→ WORK INSTRUCTION: In the entries that follow, the lines from the line containing "Rouloudun Juwelierbox-Abteil Öffnbares" up to and including the line containing "Einhell Pistolet à" must be copied exactly, with pictures omitted.

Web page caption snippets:
════

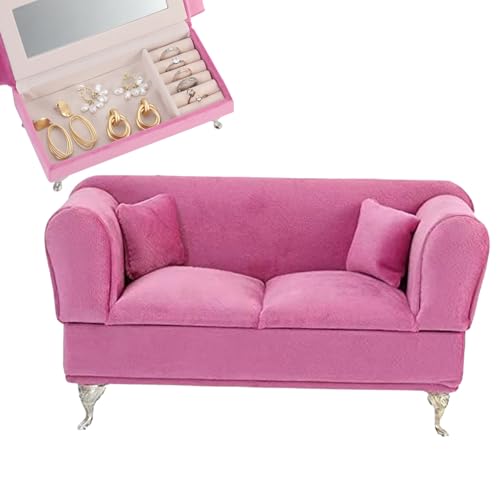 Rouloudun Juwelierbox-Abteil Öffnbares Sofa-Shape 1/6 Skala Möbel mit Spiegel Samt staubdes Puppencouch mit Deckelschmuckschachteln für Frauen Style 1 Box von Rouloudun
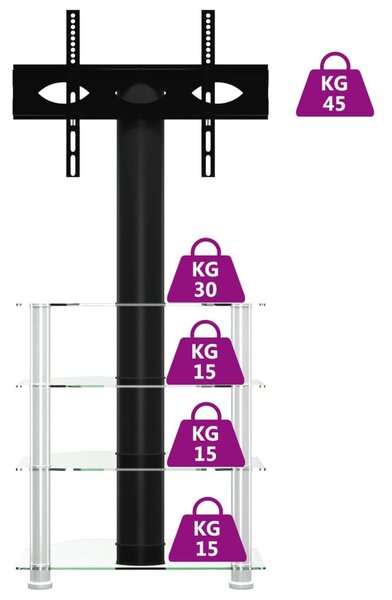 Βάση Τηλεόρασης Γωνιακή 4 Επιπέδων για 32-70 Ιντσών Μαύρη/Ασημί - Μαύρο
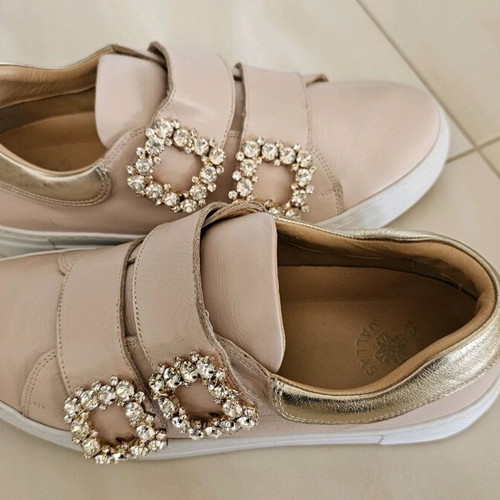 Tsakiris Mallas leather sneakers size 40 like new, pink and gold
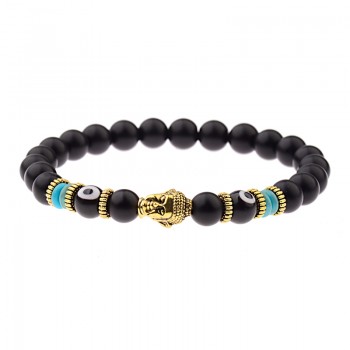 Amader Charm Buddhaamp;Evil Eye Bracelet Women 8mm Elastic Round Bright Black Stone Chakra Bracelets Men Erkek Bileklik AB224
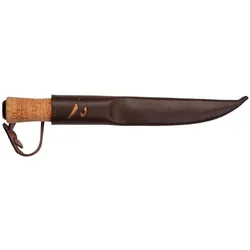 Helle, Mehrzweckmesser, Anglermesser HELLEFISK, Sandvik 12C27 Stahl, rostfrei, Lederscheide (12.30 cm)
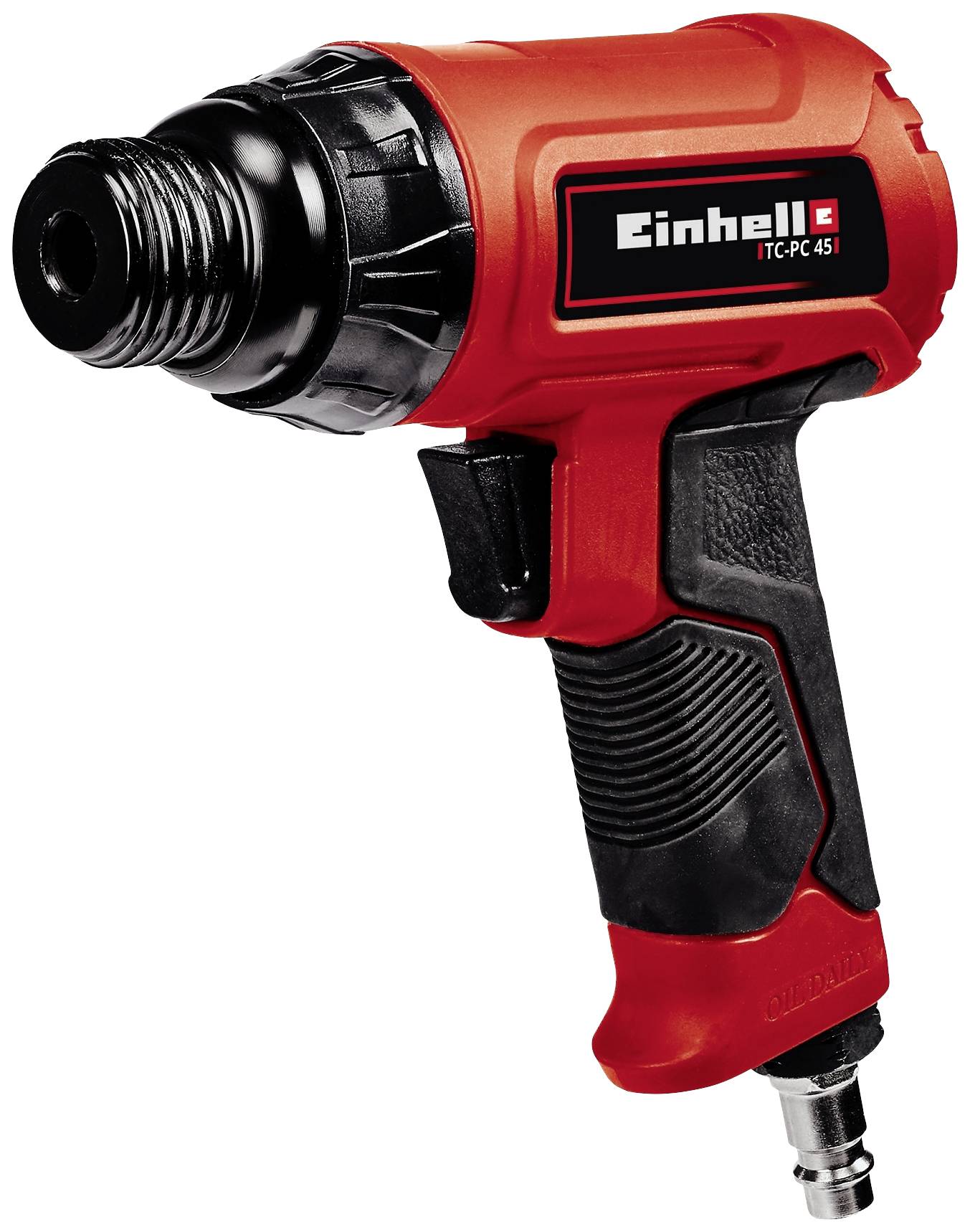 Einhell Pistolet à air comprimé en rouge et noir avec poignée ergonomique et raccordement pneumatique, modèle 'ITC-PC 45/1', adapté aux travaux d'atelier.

════

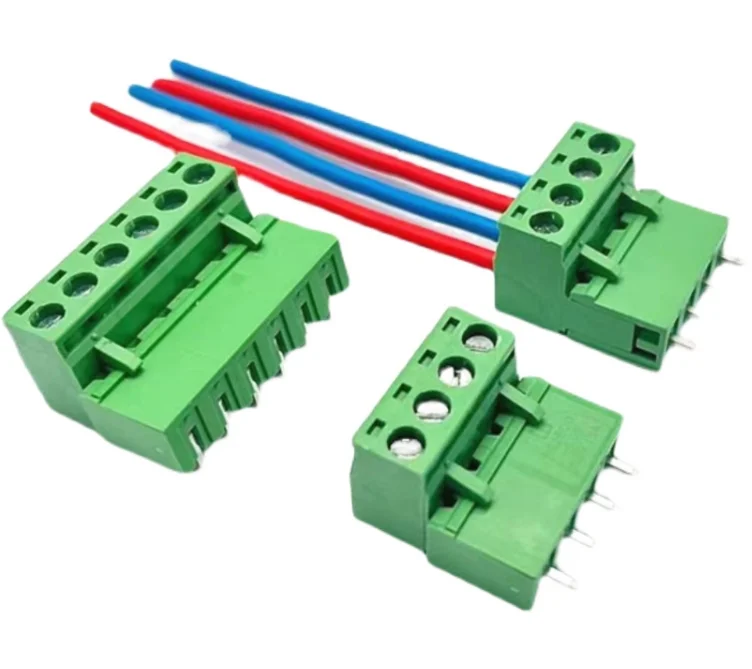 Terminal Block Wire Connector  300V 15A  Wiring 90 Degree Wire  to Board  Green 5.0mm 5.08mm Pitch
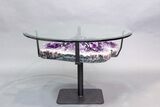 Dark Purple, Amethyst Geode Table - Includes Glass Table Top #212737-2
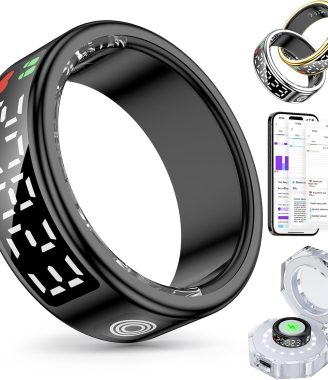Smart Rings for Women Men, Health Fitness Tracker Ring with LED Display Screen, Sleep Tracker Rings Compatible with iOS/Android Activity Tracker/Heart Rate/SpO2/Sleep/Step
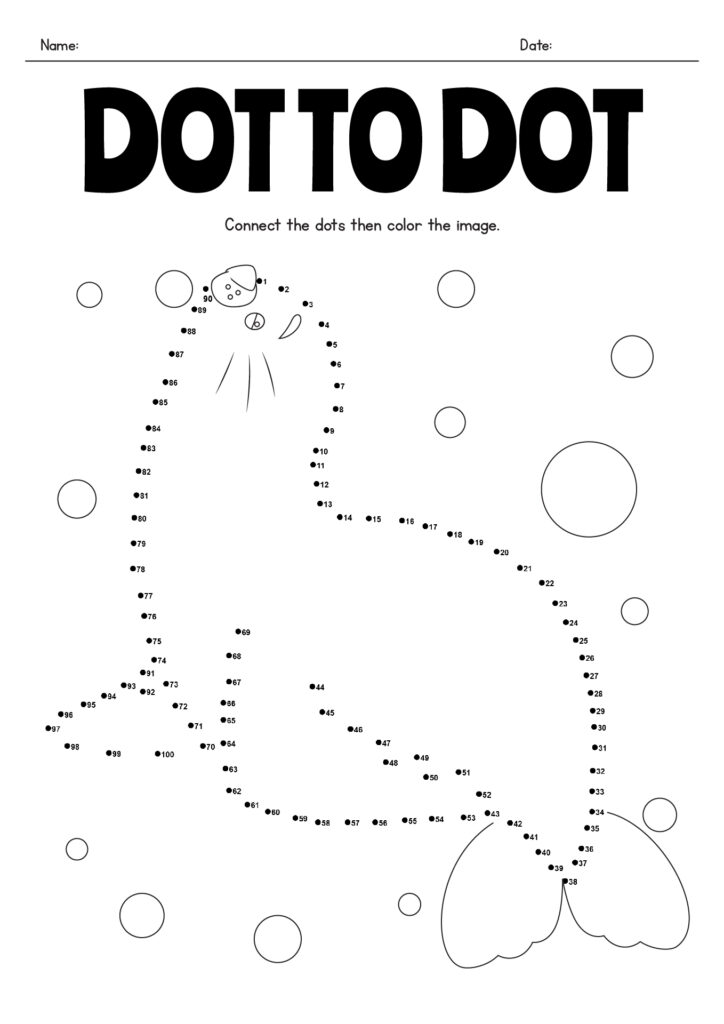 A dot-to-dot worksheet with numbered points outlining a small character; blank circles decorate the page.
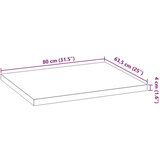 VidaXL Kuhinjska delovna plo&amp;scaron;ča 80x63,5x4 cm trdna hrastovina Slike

════

→ EXERCISE ANSWER:
 Rouloudun Juwelierbox-Abteil Öffnbares Sofa-Shape 1/6 Skala Möbel mit Spiegel Samt staubdes Puppencouch mit Deckelschmuckschachteln für Frauen Style 1 Box von Rouloudun
 Βάση Τηλεόρασης Γωνιακή 4 Επιπέδων για 32-70 Ιντσών Μαύρη/Ασημί - Μαύρο
 Tsakiris Mallas leather sneakers size 40 like new, pink and gold
 Amader Charm Buddhaamp;Evil Eye Bracelet Women 8mm Elastic Round Bright Black Stone Chakra Bracelets Men Erkek Bileklik AB224
 Helle, Mehrzweckmesser, Anglermesser HELLEFISK, Sandvik 12C27 Stahl, rostfrei, Lederscheide (12.30 cm)
 Einhell Pistolet à air comprimé en rouge et noir avec poignée ergonomique et raccordement pneumatique, modèle 'ITC-PC 45/1', adapté aux travaux d'atelier.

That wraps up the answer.